I am pretty sure Mr. Lill took us down this road in February and the Phalacia and Crimson Clovers being grown for seed for cover crops. That road was so beautiful I told them they could charge admission to drive down these farm lanes and view the mere beauty of these crops. Put a little picnic area in and people could stop and eat their lunch there!
To a farmer in the midwest, we see beauty in the best fields of corn and soybeans we raise but our city cousins like a little color like this photograph! I can't blame anyone for preferring this picture over the many brown, harvested fields around here.
Thank you Google for the Save Now feature. Our power just went off again and I think this the third weekend this has happened. Dayton Power and Light? What is the problem? It's like everyone rolled out of bed and turned the lights on and poof there went the power again. Farmers are getting the big electric bills now with all these big 3-5 HP grain fan motors running and your circuits can't handle the overload.

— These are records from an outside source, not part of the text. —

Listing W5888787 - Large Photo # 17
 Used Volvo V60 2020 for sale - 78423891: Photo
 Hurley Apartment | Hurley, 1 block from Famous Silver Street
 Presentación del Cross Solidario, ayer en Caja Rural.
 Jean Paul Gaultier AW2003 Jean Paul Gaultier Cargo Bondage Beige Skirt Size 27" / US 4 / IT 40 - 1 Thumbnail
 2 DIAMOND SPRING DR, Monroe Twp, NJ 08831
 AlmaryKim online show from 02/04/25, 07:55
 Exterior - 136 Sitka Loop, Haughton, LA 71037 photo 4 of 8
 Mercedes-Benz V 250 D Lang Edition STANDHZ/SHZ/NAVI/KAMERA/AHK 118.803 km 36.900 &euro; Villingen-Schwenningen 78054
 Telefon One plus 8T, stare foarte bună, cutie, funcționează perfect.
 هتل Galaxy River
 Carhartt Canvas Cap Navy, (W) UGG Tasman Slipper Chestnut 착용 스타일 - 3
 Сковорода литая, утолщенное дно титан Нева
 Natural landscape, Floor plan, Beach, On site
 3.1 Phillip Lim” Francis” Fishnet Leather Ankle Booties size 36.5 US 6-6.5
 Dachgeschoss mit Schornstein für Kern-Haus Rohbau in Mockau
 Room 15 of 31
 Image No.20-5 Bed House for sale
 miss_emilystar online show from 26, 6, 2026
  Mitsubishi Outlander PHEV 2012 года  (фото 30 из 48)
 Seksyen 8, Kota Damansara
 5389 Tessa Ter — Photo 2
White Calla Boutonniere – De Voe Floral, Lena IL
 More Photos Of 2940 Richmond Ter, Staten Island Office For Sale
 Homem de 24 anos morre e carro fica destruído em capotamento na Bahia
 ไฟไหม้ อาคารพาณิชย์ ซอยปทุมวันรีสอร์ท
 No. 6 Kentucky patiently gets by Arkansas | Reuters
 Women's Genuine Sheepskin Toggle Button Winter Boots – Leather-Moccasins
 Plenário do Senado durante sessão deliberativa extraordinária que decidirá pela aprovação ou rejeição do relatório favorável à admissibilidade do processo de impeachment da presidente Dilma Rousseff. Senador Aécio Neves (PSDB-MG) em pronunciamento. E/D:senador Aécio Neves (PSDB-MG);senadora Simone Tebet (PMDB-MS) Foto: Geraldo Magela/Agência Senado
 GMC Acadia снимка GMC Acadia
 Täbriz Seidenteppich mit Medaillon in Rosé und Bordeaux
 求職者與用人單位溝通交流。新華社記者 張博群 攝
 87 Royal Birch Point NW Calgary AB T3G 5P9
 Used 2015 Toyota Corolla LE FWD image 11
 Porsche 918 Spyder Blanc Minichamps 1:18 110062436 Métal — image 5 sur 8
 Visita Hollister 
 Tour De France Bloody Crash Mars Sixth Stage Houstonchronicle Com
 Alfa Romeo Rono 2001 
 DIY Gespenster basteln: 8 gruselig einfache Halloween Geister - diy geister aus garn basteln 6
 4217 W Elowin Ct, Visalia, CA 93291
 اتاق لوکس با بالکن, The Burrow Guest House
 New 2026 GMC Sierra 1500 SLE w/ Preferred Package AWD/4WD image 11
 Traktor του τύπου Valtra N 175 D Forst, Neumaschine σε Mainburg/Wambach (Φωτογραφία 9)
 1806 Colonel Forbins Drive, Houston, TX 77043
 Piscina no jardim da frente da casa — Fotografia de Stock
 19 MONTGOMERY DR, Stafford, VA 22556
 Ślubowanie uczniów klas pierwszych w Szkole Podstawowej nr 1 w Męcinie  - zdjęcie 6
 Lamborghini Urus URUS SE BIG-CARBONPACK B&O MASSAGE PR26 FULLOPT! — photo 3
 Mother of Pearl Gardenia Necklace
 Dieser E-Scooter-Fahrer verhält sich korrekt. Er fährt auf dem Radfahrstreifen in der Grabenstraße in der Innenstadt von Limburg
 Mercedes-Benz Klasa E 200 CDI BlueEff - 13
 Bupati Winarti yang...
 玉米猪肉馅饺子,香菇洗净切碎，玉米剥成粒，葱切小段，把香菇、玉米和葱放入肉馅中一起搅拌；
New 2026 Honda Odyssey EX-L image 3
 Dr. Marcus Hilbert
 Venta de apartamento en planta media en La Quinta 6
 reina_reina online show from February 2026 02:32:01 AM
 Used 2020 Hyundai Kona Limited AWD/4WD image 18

I have replaced too many motors and appliances the last seven years here and some of it is due to these power shortages and the electrical surge that happens when the power tries to come back on. For what we are paying you, we need a little better service please!
That's the problem of technology on the farm. Great when it works, bad when it fails. I guess not keeping our fields green all winter is not using technology to its fullest, either. Every field needs to be planted back to something right now and most won't get it done. They say it costs too much, blah, blah, blah and then wonder why the crop doesn't reach it's fullest potential the next year. I don't farm in an arid region so fallow is not the best solution here. Planting something, anything, is.
Today we hope to plant more wheat laced with radishes. That was an accident we caused on the same field 4 years ago and the wheat made more bushels where we had accidentally filled the drill with wheat seed on top of radish seed that wasn't cleaned out of the drill.
Some farmer recommended this practice yesterday to another who is trying to grow wheat in the cooler, damper soils of Northwest Ohio, those tough lakebed soils. He said you can thank Ed Winkle for this idea, kinda makes you feel good. It was pure accident but it worked and now I and other farmers do it as practice.
The radish will drive off pests, scavenge nutrients and die around Christmas most years, giving up all that benefit to the new crop of wheat.
Might need a little rain to get this wheat out of the ground. Going to "dust it in" and try to burst the bins as the old addage goes.